Dataset content
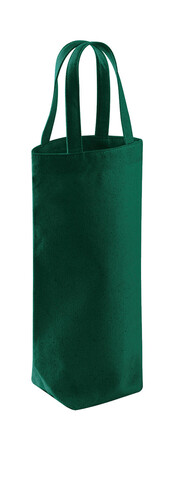 Westford Mill Fairtrade Cotton Bottle Bag, Bottle Green, One Size bedrucken, Art.-Nr. 621285400
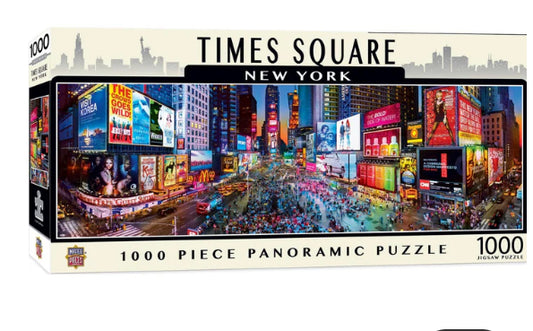 American Vista Panoramic - Times Square 1000 Piece Puzzle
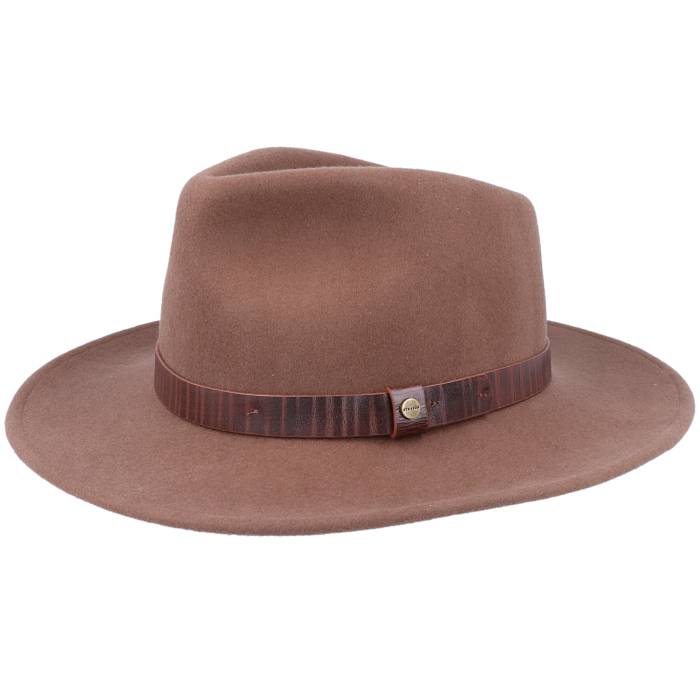 楽天スニケスステットソン Stetson 【 Outdoor Western Woolfelt 67 Brown Fedora Men Brown 】 ウェスタン 茶色 ブラウン バッグ 小物 ブランド雑貨 帽子 メンズ帽子 ハット メンズ 茶色 ブラウン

What is being asked
Each line from the line containing "American Vista Panoramic" through the last line above must be written out exactly, and every picture must be omitted.

Solution
 American Vista Panoramic - Times Square 1000 Piece Puzzle
 楽天スニケスステットソン Stetson 【 Outdoor Western Woolfelt 67 Brown Fedora Men Brown 】 ウェスタン 茶色 ブラウン バッグ 小物 ブランド雑貨 帽子 メンズ帽子 ハット メンズ 茶色 ブラウン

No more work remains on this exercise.